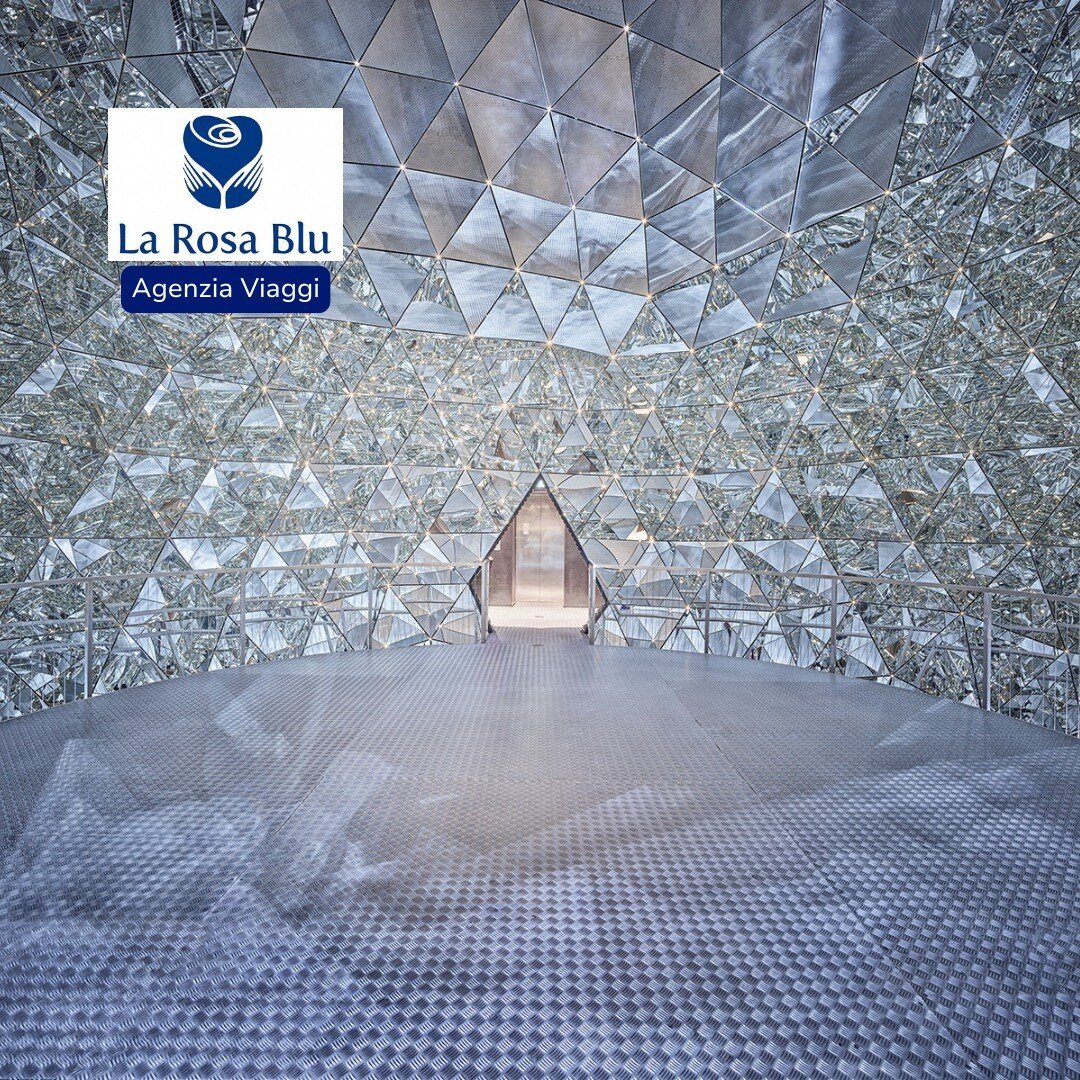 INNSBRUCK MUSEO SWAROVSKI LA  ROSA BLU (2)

◆ ◆ ◆ ◆ ◆

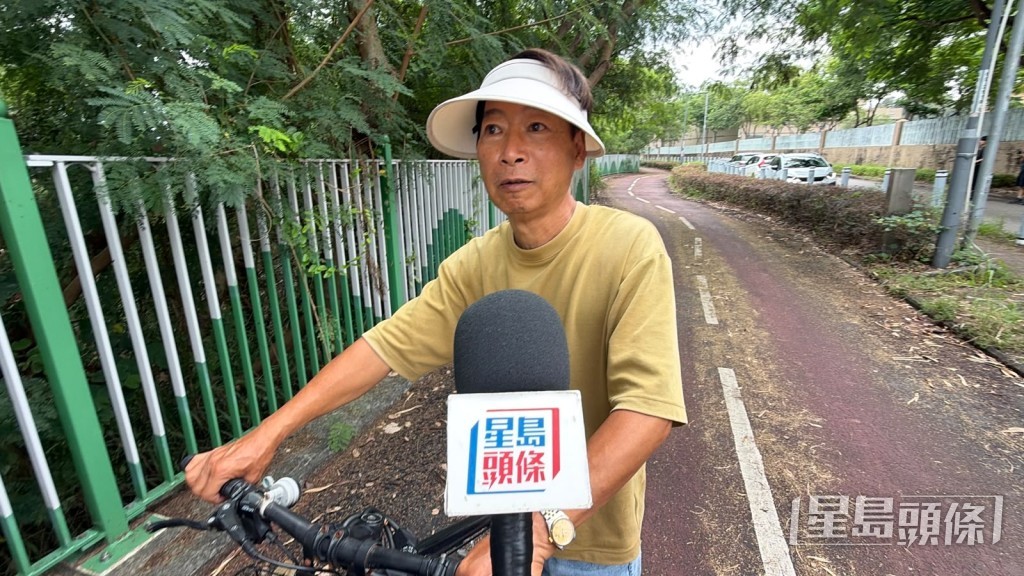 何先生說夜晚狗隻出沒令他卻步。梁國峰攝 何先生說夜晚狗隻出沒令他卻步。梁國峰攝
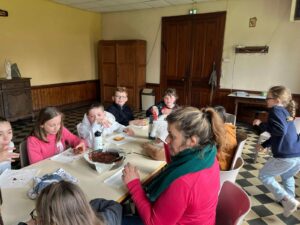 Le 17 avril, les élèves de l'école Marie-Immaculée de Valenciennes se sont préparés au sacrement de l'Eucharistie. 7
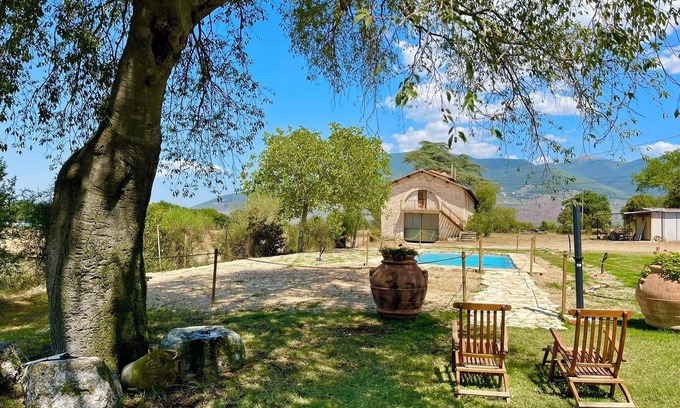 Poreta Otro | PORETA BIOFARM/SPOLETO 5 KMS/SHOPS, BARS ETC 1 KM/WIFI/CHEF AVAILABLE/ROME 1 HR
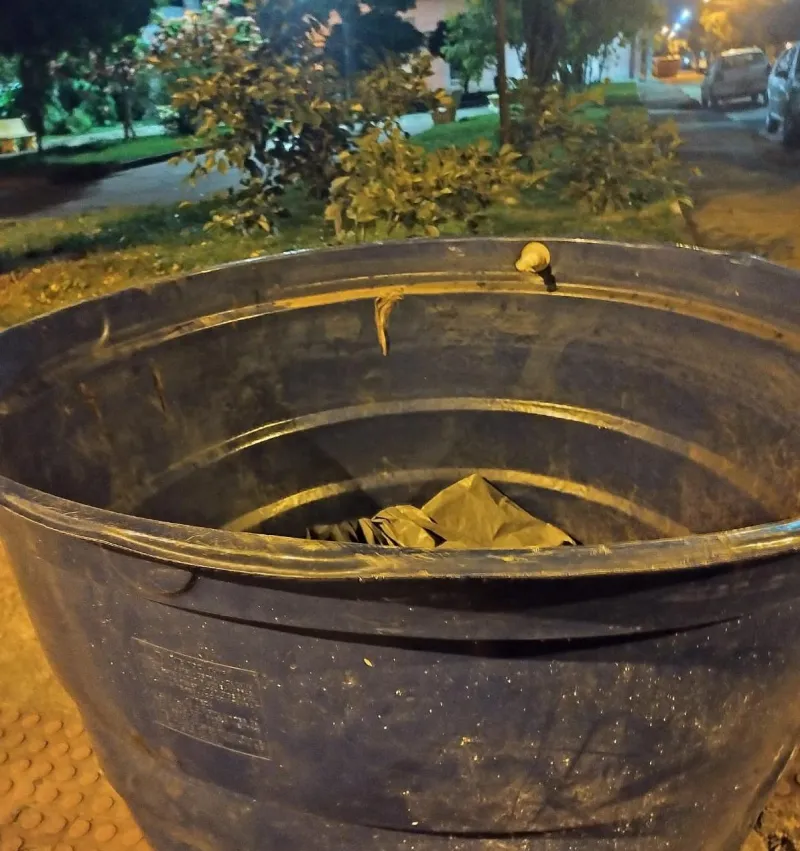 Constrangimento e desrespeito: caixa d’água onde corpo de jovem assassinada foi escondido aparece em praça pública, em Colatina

◆ ◆ ◆ ◆ ◆

Required work
Copy out exactly the material that runs from the line with "Le 17 avril, les" to the line with "Constrangimento e desrespeito: caixa", ends included, and leave the pictures behind.

Exercise solution
 Le 17 avril, les élèves de l'école Marie-Immaculée de Valenciennes se sont préparés au sacrement de l'Eucharistie. 7
 Poreta Otro | PORETA BIOFARM/SPOLETO 5 KMS/SHOPS, BARS ETC 1 KM/WIFI/CHEF AVAILABLE/ROME 1 HR
 Constrangimento e desrespeito: caixa d’água onde corpo de jovem assassinada foi escondido aparece em praça pública, em Colatina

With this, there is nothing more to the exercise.